Iowa Department of Transportation’s Motor Vehicle Enforcement division officers are getting a new piece of equipment in patrol vehicles called Arch Angel. This is a combination of hardware and software designated to disable the laptop computer in a law enforcement vehicle when a predetermined speed is reached.
The Iowa DOT MVE is responsible for truck safety in the Hawkeye State, including running weigh stations and performing roadside inspections, among other duties.
The Arch Angel software constantly monitors the speed of the law enforcement vehicle. When that speed reaches or exceeds 15 mph, the software automatically disables or locks the laptop computer, key board, mouse, and touch screen.

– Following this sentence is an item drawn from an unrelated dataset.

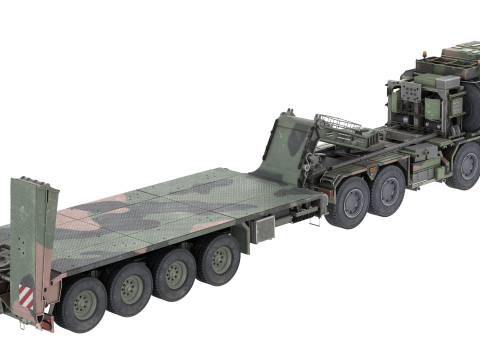 Rheinmetall HX81 Military Truck with Troller Model 3D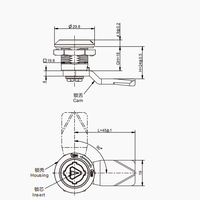 Serrure à quart de tour de sécurité en alliage de zinc Yeeka 1448, la plus vendue, avec loquet de panneau finition chrome brillant pour armoires industrielles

While the computer is locked, critical applications continue to run ensuring that the physical location of the officer continues to be sent to other law enforcement officers so situational awareness is maintained. The officer is able to use one keystroke to call for help if necessary. In addition, the officer can view a statewide map showing the location of the emergency they are responding to and the position of other law enforcement officers in the area. Once the vehicle’s speed falls below 15 mph, the computer becomes active.
The Office of Motor Vehicle Enforcement anticipates software installation and training will be completed and the system will be in use by Nov. 1.

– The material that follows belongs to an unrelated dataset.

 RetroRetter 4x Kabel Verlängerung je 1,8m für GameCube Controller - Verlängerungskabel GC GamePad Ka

“Distracted driving can contribute to crashes and other traffic problems, such as sudden stops, departing from your lane, and inconsistent speeds,” said MVE Chief Dave Lorenzen. “As a law enforcement agency, it is our duty to not only enforce laws related to those issues and be part of the solution, not part of the problem.
The use of law enforcement officers using laptops while driving is a common complaint in trucking because truck drivers are prohibited from such behavior, as well as texting and handheld phone use in most cases, while behind the wheel.